Kickoff For August 17, 2020

Welcome to this week’s edition of the Monday Kickoff, a collection of what I’ve found interesting, informative, and insightful on the web over the last seven days.

Let’s get this Monday started with these links:

Space

Reflections on Project Orion, wherein physicist Jeremy Bernstein looks back on his participation in a project to build a spaceship driven by nuclear bombs, and shares something that Freeman Dyson (a driving force behind the project) wrote about it.

Here’s how we could mine the moon for rocket fuel, wherein we learn about some ideas to do just that, and about some of the obstacles that are in the way.

The Case Against Mars, wherein Byron Williston outlines the arguments against colonizing space, which have little to do with technology and a lot to do with humanity’s lack of maturity and development.

Productivity

Can we escape from information overload?, wherein Tom Lamont explores what happens when people try to cut themselves off from digital stimulation and distraction.

Want to Be More Productive? Try Doing Less, wherein Kare Northrup argues that productivity isn’t about having a jam-packed to-do list, and offers some adivce about how to scale back to get more done.

How to Work Alone, wherein we get some useful tips for creating the space where intense concentration becomes easily accessible.

Odds and Ends

Why Japan is obsessed with paper, wherein we learn the whys and hows of Japan’s love affair with products made from wood pulp, and why that love seems to be gradually fading away.

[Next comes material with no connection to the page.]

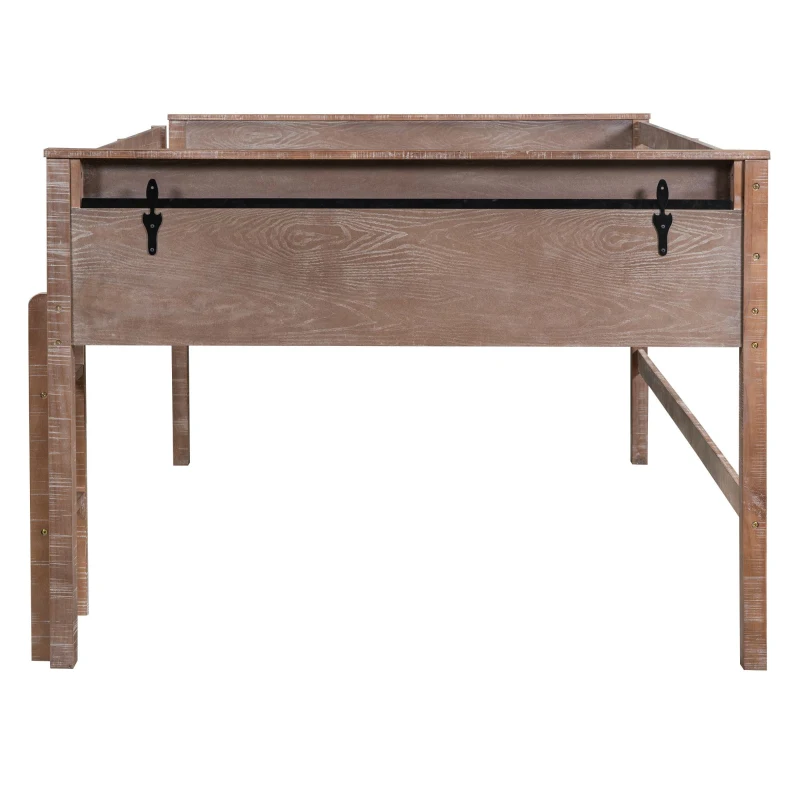 Wood Twin Size Loft Bed with Hanging Clothes Racks, Guardrails, and Playful Space, Solid Pine Construction, 79" L x 42" W x 42.5" H, Natural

The Acrobatic Immigrant Who Invented Pilates in a Prisoner of War Camp, wherein we learn how Joseph Pilates used a World War One internment camp on the Isle of Man as a laboratory to develop the exercise system that bears his name.

How Japan’s global image morphed from military empire to eccentric pop-culture superpower, wherein Marc Bain examines how our view of Japan has changed over the decades, but with one constant always there: the power of the country’s pop culture, and that pop culture’s appeal worldwide.

And that’s it for this Monday. Come back in seven days for another set of links to start off your week.